In mancanza di una disciplina nazionale, il dibattito sorto all’indomani della legge di ratifica ha inoltre fatto emergere profili di incompatibilità del trust con i principi propri del nostro ordinamento, non solo sotto il profilo proprietario, quanto anche sotto quello rimediale.
In particolare, ciò che differenzia il trust.dagli altri vincoli di destinazione disciplinati dall’ordinamento interno (art. 2645 ter, negozio fiduciario, fondo patrimoniale, patrimoni destinati ex art. 2447 bis), è il fatto di garantire una segregazione dei beni vincolati sia rispetto al patrimonio personale del disponente (settlor), sia rispetto a quello dell’intestatario di tali beni (trustee). Sebbene i beni segregati siano posti sotto la gestione del trustee, essi confluiscono in un patrimonio a sé stante, che, di fatto, non appartiene né al patrimonio del disponente né al patrimonio dello stesso trustee che ne risulta intestatario. Ne discende la non aggredibilità dei beni costituiti in trust da parte dei creditori personali del trustee e, in particolare, l’insensibilità dei beni stessi dalle vicende personali di quest’ultimo, non concorrendo alla formazione della massa ereditaria in caso di morte dello stesso né rientrando nel regime patrimoniale della famiglia nel caso in cui il trustee contragga matrimonio.
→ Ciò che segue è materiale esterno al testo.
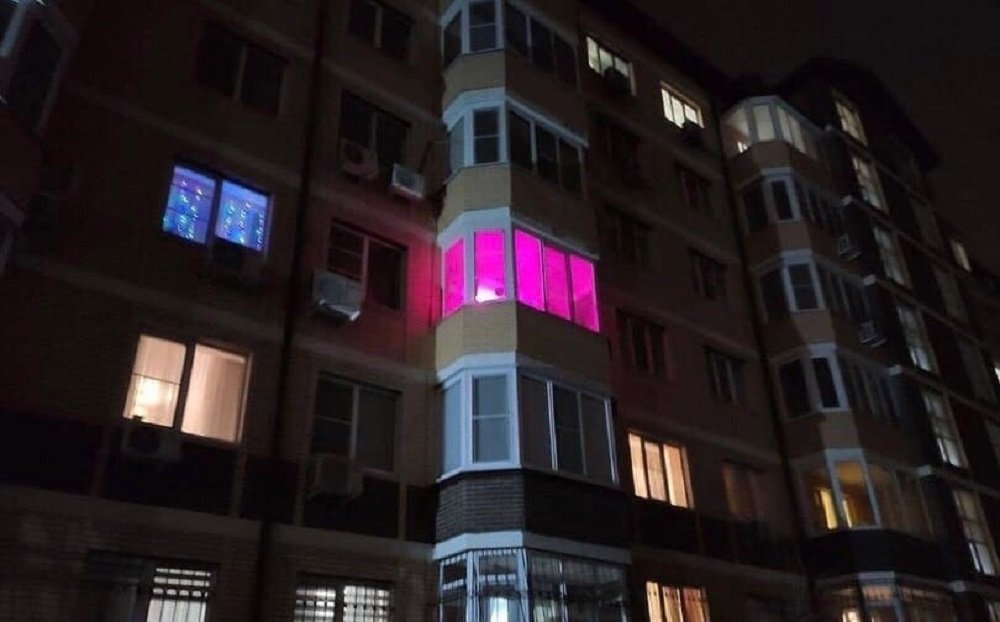 Подозрительное свечение в окне многоэтажки взбудоражило ростовчан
Quanto destinato a formare il trust fund non è legittimamente utilizzabile per finalità divergenti rispetto a quelle predeterminate nell’atto istitutivo. Il vincolo segregativo impresso dal trust sui beni che lo compongono ha efficacia reale nei confronti dei terzi, con ciò differenziandosi notevolmente dal negozio fiduciario, tipico del nostro sistema di diritto che, sebbene dia luogo ad effetti segregativi dei beni oggetto dell’intestazione fiduciaria, non impedisce al fiduciario di disporre dei beni a lui intestati persino contro la volontà del fiduciante medesimo, fatto salvo, in tal caso, l’obbligo di risarcimento del danno. Viceversa, in caso di gestione inefficiente del patrimonio da parte del trustee, la tutela di cui godranno disponente e beneficiari avrà efficacia non meramente obbligatoria ma reipersecutoria e sarà altresì idonea a travolgere gli acquisti dei terzi dal trustee infedele, a determinate condizioni.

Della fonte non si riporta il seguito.